Data segment:
-*-
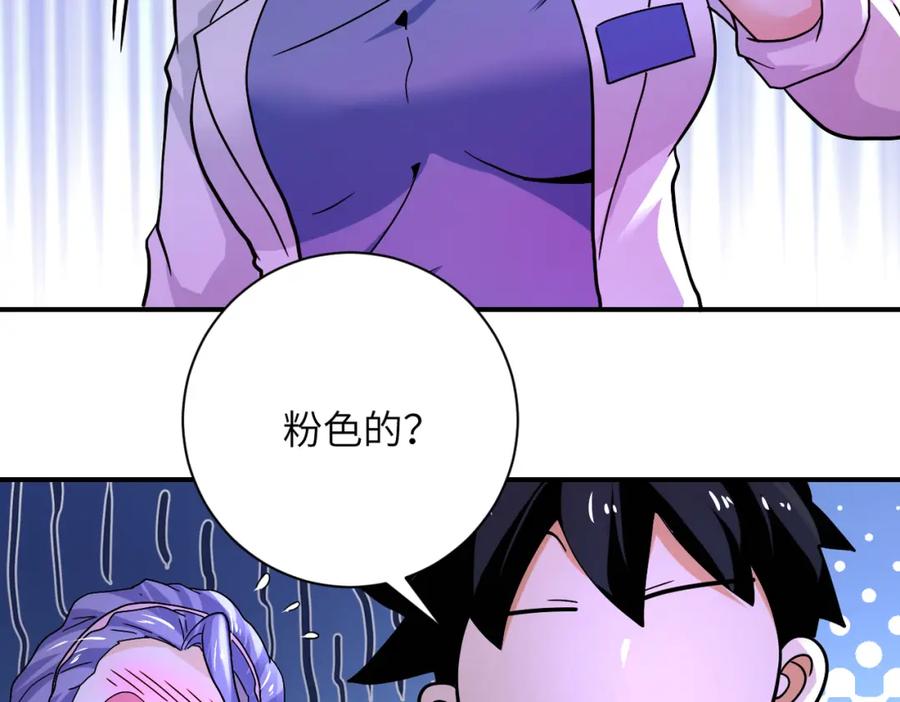 末世超级系统 第376话 林博士之怒！ 第56页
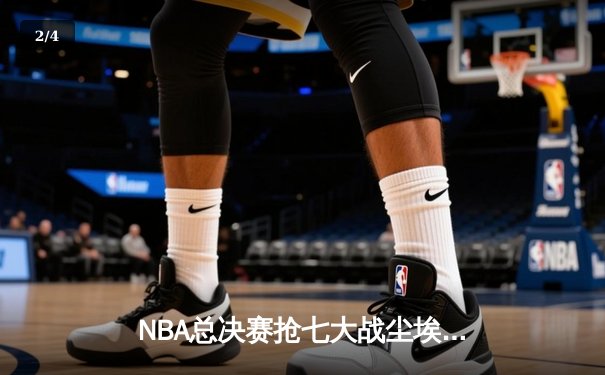 NBA总决赛抢七大战尘埃落定，丹佛掘金力克热火首夺总冠军 - 2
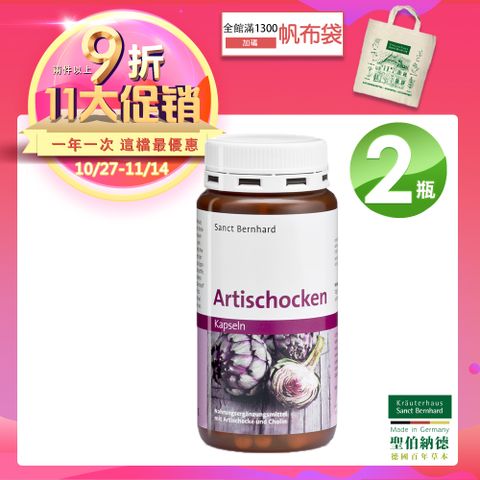 聖伯納德 Sanct Bernhard 朝鮮薊膠囊(150粒/罐)X2瓶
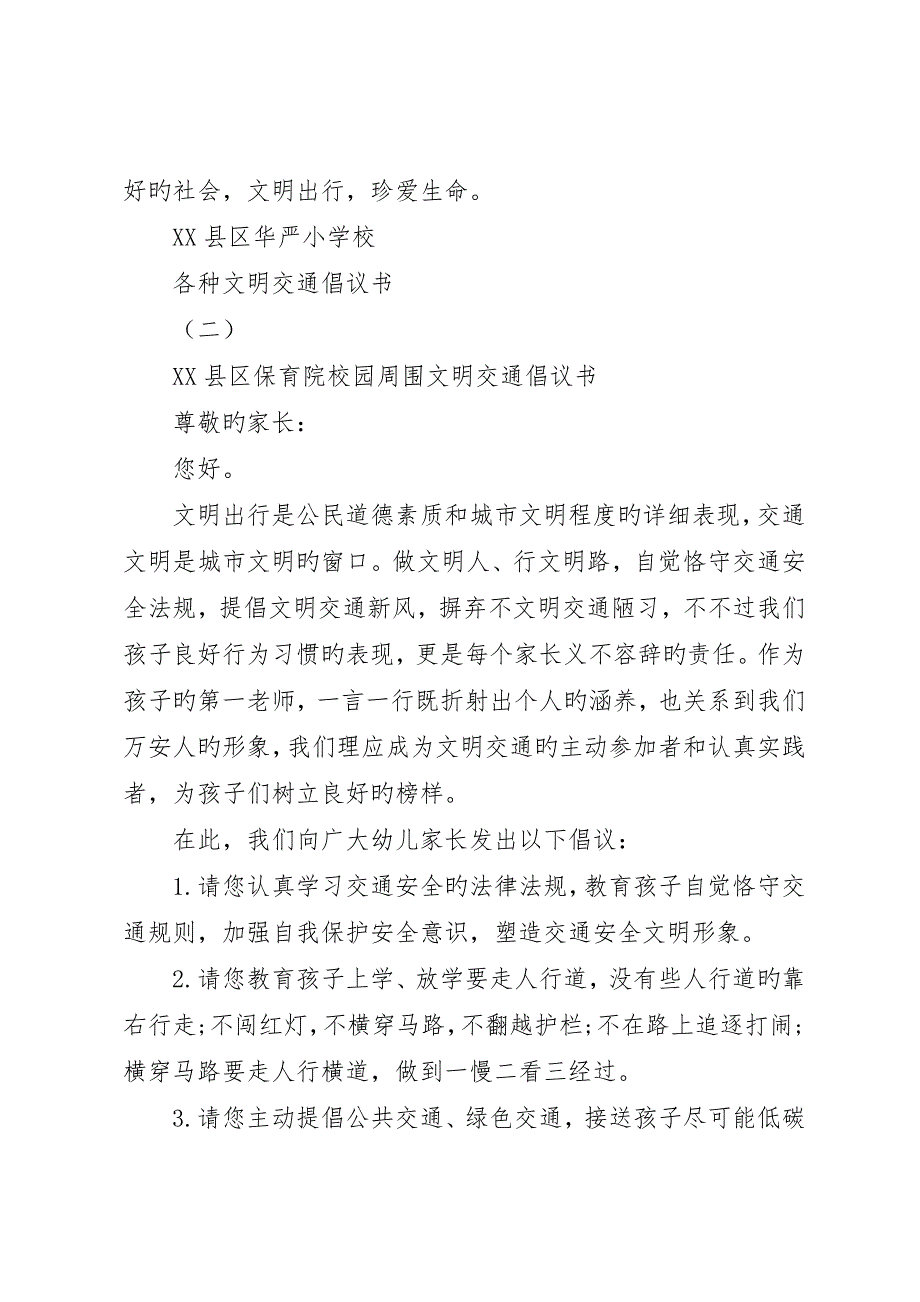 做文明人、行文明路倡议书范本_第2页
-*-
Work to complete: Ignoring the pictures, write out word for word the lines from the line containing "聖伯納德 Sanct Bernhard 朝鮮薊膠囊(150粒/罐)X2瓶" through the end of the material above.

Answer box:
 聖伯納德 Sanct Bernhard 朝鮮薊膠囊(150粒/罐)X2瓶
 做文明人、行文明路倡议书范本_第2页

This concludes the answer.